When discard has been specified for a filesystem, any time the
operating system stops using a filesystem level logical block (when a
file gets deleted, for example), the operating system immediately
queues up a set of TRIM commands for all the filesystem logical blocks
to tell the SSD that those areas are no longer in use.  So shortly
after a file is deleted (or shortened), the unused filesystem logical
blocks will have had TRIM commands received by the SSD and the
corresponding physical flash blocks will be on the queue to be erased.

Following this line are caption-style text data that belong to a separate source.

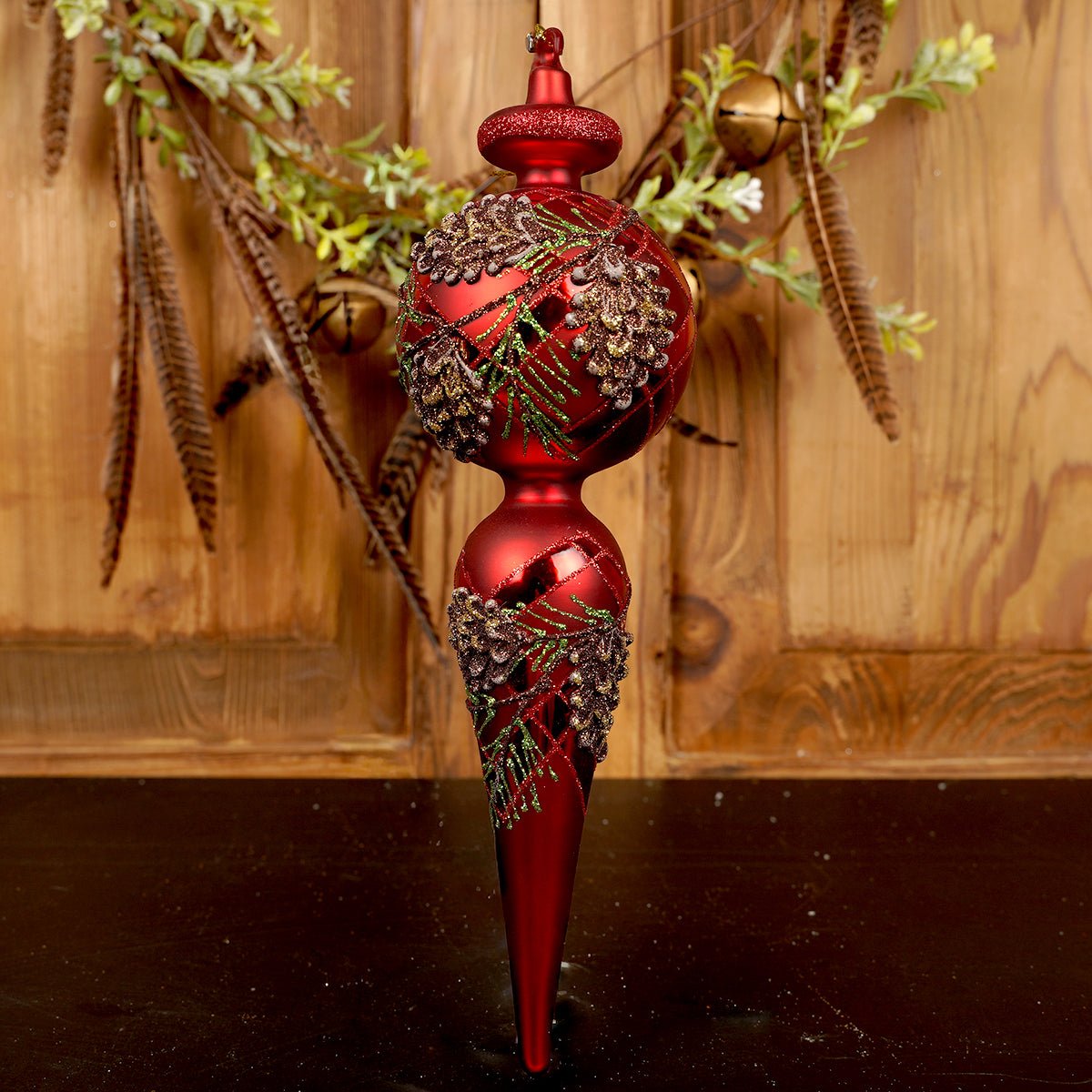 11.5Inch Red Pine Finial Ornament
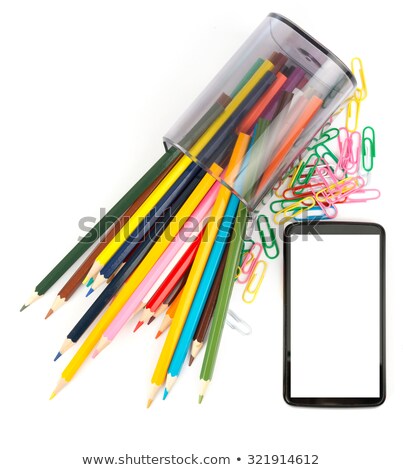 Stock photo: Fallen Pencil Cup With Crayons And Smartphone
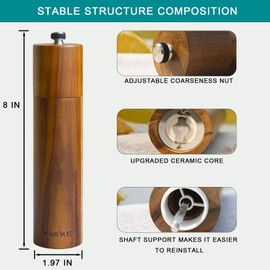 Yvake Wooden Salt and Pepper Grinder,8 Inch Manual Salt and Pepper Mill, Adjustable Coarseness and Refillable,Acacia Wood Pepper shakers for your kitchen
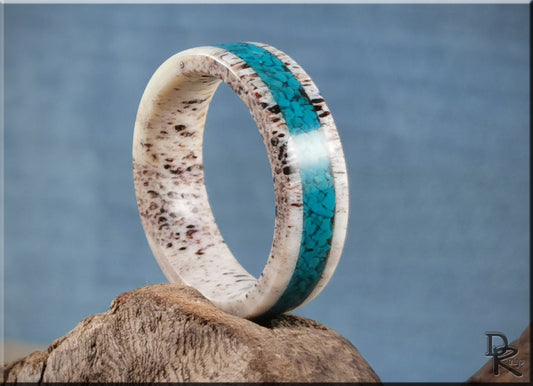 Deer Antler Channel Ring w/Chilean Turquoise inlay - antler ring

And several seconds after that the erases will be completed and those
physical blocks will be available on the SSD's erased list.  Without
discard, no TRIM commands will have been sent and all the
corresponding physical flash blocks on the SSD will still be marked as
in use.

So for the purposes of a worst case example, say you have a 1 Tbyte
SSD you are writing MythTV recordings to, and it has the minimum free
storage that MythTV leaves on a recording partition, around 20
Gibytes, and the rest of the partition is full.  MythTV wants to start
a new recording and deletes an old 2 Gibyte recording from the
partition to make room, so there now 22 Gibytes of free space that
MythTV can see, so it starts the new recording.  However, fstrim has
not been run for a while, and only the 20 Gibytes of free space that
was there is actually erased on the SSD.  MythTV writes its new
recording happily, and keeps on writing as it is cricket game that is
going to go on for hours.  Every so often, MythTV sees the free space
on the partition drop below its 20 Gibyte limit and deletes another
old recording.  However, fstrim has still not run, so while MythTV is
happily seeing 20 Gibytes or more of free space, the SSD is rapidly
using up its 20 Gibytes of erased flash blocks.  After MythTV has
written 20 Gibytes of new recording file, it has deleted 20 Gibytes of
recording space, but the SSD now no longer has any erased blocks
available.  The next time MythTV writes to that partition, the write
will fail.

So the rule for SSDs is that if you ever expect to write as much data
to the SSD between fstrim runs as there is free filesystem space when
fstrim last ran, then you need to have discard enabled.  Or you need
to run fstrim more often.  In my opinion, if you are doing heavy write
traffic to an SSD, you just need to use discard, as that way you will
not get into trouble.  In the past, discard was not used as having it
enabled slowed down the filesystem delete operations - the system did
not report the delete complete until the TRIMs had been sent to the
SSD.  I think that problem is long fixed, and the TRIMs are now just
queued to be sent in the background and the delete operation will
report complete as soon as the TRIMs have been queued.  And in any
case, the slight slowdown was not normally noticeable unless you were
doing a benchmark.  But for some reason, most of the advice on the net
still recommends only using fstrim and not discard.  And all the
distros still seem to be set up this way by default.